Sebagian diantaranya adalah politisi DPR RI yang bertugas di Senayan periode 2009-2014.
Namun hingga kemarin malami, KPK belum juga mengajukan pencegahan terhadap nama-nama yang telah disebut dalam surat dakwaan dua terdakwa kasus e-KTP.
Kedua terdakwa yang sudah mulai disidangkan yakni mantan Direktur Pengelola Informasi Administrasi Kependudukan, Direktorat Jenderal Kependudukan dan Pencatatan Sipil Kemendagri Sugiharto, dan mantan Direktur Jenderal Kependudukan dan Pencatatan Sipil, Irman
"Kami belum menerima permohonan dari KPK untuk melakukan pencegahan untuk nama-nama yang diduga terlibat proyek e-KTP," ujar Kabag Humas dan Umum Ditjen Imigrasi, Agung Sampurno kepada Tribunnews.com.
Menurut Agung Sampurno, sepanjang ada permohonan dari aparat penegak hukum, maka Imigrasi akan melakukan pencegahan terhadap nama-nama yang diajukan.
Seperti diketahui, terdapat nama-nama besar yang diduga menerima aliran dana kasus e-KTP.
Nama-nama tersebut tertuang dalam surat dakwaan JPU KPK yang dibacakan di Pengadilan Tipikor Jakarta, Kamis (9/3/2017) lalu.
Sekira bulan Juli hingga Agustus 2010, DPR RI mulai melakukan pembahasan RAPBN TA 2011. Salah satunya soal anggaran proyek e-KTP.
Andi Agustinus alias Andi Narogong selaku pelaksana proyek beberapa kali melakukan pertemuan dengan sejumlah anggota DPR RI.

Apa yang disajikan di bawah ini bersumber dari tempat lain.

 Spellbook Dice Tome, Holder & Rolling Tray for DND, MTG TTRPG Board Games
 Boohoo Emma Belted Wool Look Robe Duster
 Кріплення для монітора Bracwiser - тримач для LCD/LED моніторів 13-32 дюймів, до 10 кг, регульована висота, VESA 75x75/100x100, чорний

Kemudian disetujui anggaran senilai Rp 5,9 triliun dengan kompensasi Andi memberi fee kepada beberapa anggota DPR dan pejabat Kementerian Dalam Negeri.

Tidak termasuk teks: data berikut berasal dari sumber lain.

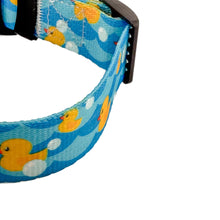 Load image into Gallery viewer, Personalized Duckies Dog Collar, Leather Name and Number Patch + Optional Leash
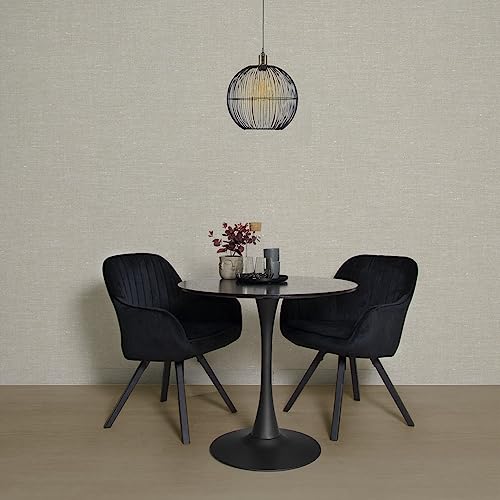 Table de Salle à Manger Ø 80 cm Prague Milton & Oldbrook Noire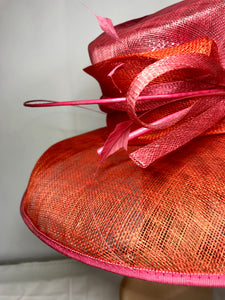 3-Pink and Orange Slanted Crown Hat
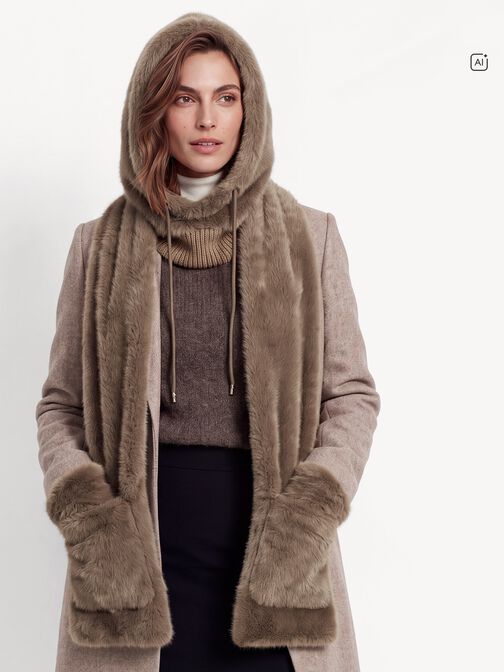&Eacute;charpe, taupe, hi-res
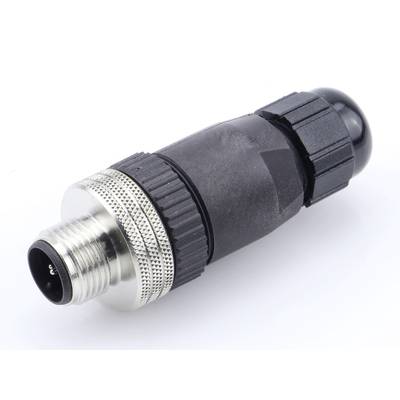 M12 connector, cylindrical, made of metal and plastic, used for industrial sensors and actuators.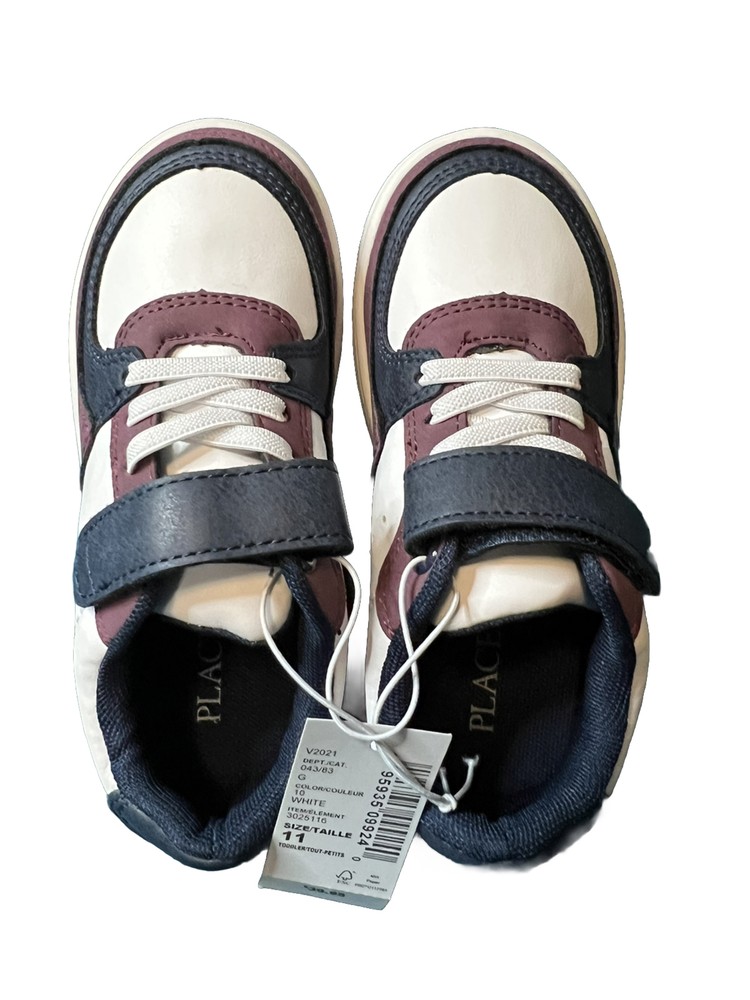 Children’s Place Size 11 Boys White, Maroon, Navy Hook&Loop closure Sneaker NEW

Akhirnya disepakati 51 persen dari anggaran digunakan untuk proyek, sementara 49 persen untuk dibagi-bagikan ke Kemendagri, anggota DPR RI, dan keuntungan pelaksana pekerjaan atau rekanan.
Dalam kasus ini, Irman didakwa memperkaya diri sebesar Rp 2.371.250.000, 877.700 dollar AS, dan 6.000 dollar Singapura.
Sementara itu, Sugiharto mendapatkan uang sejumlah 3.473.830 dollar AS.